The Hebrew newspaper Yedioth Ahronoth reported that the security situation in Egypt prompted the closure of the embassy, with Israel's ambassador to Cairo, David Govrin, and his diplomatic staff working from Jerusalem al-Quds.
According to the report, the additional pay they receive for working abroad has been retroactively canceled for the months they've worked in Israel.
"This is an embassy that has been evacuated from the country in question," the ministry of foreign affairs said in a notice, citing the reason behind the cut.
A senior Egyptian Foreign Ministry official said, "Israel's conduct regarding the closed embassy is strange and inexplicable to me."
"Israel set several conditions to returning the ambassador and diplomatic staff, and Cairo's security chiefs took these conditions very seriously and were committed to meeting them. But even following these talks, the ambassador has yet to return, and there is no date for the embassy to be reopened," the official said.
The Egyptian official further said the Israeli mission was supposed to return to Cairo several weeks ago, but it appeared that following attacks on Coptic churches, Israel went back on that decision.
"We have no new information about the Israeli mission returning to Cairo," the official said.

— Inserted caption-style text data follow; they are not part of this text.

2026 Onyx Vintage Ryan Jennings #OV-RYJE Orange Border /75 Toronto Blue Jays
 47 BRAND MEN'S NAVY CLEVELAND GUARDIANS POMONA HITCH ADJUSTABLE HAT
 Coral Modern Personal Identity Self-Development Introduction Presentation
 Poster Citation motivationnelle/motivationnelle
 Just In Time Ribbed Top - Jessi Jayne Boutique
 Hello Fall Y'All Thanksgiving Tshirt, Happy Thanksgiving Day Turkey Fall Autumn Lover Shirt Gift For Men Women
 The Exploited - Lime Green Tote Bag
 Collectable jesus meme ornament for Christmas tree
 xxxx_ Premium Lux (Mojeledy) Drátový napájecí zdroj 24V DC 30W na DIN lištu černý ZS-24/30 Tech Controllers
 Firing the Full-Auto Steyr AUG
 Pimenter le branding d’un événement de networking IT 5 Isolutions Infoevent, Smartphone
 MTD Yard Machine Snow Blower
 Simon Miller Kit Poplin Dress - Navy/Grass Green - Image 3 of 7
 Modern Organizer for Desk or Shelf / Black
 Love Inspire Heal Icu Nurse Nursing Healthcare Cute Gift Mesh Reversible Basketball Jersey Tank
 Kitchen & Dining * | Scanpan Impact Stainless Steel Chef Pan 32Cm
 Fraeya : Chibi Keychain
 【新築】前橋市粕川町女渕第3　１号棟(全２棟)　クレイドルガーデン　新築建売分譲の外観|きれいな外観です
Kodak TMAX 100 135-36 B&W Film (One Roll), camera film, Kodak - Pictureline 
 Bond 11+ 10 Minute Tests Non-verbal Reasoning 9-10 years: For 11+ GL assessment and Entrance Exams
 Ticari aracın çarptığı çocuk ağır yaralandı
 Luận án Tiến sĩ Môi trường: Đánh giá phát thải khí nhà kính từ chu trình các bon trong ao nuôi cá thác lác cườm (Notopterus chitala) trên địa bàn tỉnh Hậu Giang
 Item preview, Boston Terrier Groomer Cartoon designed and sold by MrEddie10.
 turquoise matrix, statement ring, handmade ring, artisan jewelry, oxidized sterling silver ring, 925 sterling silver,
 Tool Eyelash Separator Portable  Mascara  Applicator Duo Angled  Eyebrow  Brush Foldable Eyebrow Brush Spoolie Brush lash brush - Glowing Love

Egypt and Jordan are the only two Arab governments that have official diplomatic ties with Tel Aviv and host Israeli missions. The rest of the Arab governments have no diplomatic relations with the Israeli regime, and seek to portray themselves as Tel Aviv's traditional adversaries and upholders of the Palestinian cause.
Even so, reports have indicated that some of the governments, including Saudi Arabia and the United Arab Emirates, have had secret relations with Tel Aviv, covertly appeasing the regime.